By Dan Gallagher

Nvidia was truly in some uncharted territory with its fiscal fourth-quarter results Wednesday, in that the chip maker is facing concerns that even great numbers alone won't soothe.

And the numbers were great. Revenue for the quarter ended Jan. 31 soared 61% year-over-year to $5 billion, beating Wall Street's forecast. That was thanks to booming sales of graphics processors in both the company's videogame and data-center businesses, the latter of which managed to surpass the record-breaking sum of the previous quarter despite widespread expectations that giant cloud-computing companies would ease back on the spending throttle. Nvidia also projected total revenue of $5.3 billion for the current quarter--about 18% above the $4.5 billion analysts were expecting.

But Nvidia's shares ticked up only slightly after the results, before turning down 2% later in the after-hours session. Concerns over the global chip shortage were one factor. As one of the world's largest "fabless" chip companies, Nvidia is at the mercy of major producers like Taiwan Semiconductor Manufacturing and Samsung. But production across the semiconductor supply chain has been unable to keep up with demand, causing shortages across industry groups. Nvidia Chief Executive Jensen Huang said on the company's conference call Wednesday that he expects constraints to continue this year.
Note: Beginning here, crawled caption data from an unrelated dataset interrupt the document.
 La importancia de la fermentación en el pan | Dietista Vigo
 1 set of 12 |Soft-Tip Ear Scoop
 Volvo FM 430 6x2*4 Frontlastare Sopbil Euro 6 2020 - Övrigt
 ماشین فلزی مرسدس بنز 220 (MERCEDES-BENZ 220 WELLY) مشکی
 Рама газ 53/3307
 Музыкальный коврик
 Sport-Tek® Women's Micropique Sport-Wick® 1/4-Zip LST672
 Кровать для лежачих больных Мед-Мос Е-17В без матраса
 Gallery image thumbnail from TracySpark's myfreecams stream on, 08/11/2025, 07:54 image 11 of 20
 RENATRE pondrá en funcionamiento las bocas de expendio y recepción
Nvidia is also facing growing opposition to its proposed acquisition of chip designer Arm Holdings, which is still awaiting regulatory approval and is now being investigated in the U.K. Microsoft and Google-parent Alphabet Inc.--two major buyers of Nvidia's data-center chips--have now both voiced their opposition. Nvidia maintained Wednesday its expected time frame of 18 months from the deal's announcement in September to its closing, but skepticism on Wall Street has grown. Citing the growing opposition, Citigroup analyst Atif Malik wrote on Feb. 14 that "we lower our confidence to 25% from 60% that the deal can close."

Even with those concerns, Nvidia should have a strong year ahead. Wall Street expects revenue to grow 20% for the fiscal year ending next January. And Nvidia said Wednesday it has taken steps to keep growing demand from cryptocurrency miners from causing shortages of its gaming chips, mainly by technical measures designed to limit the usefulness of gaming cards for crypto mining. This should help prevent a repeat of what happened in 2018, when a crash in crypto prices hurt Nvidia's sales as miners dumped their cards on the secondary market. Crypto may be less of a problem for Nvidia this time, but production constraints and slow M&A approvals show how much of the company's near-term story is dominated by matters out of its control.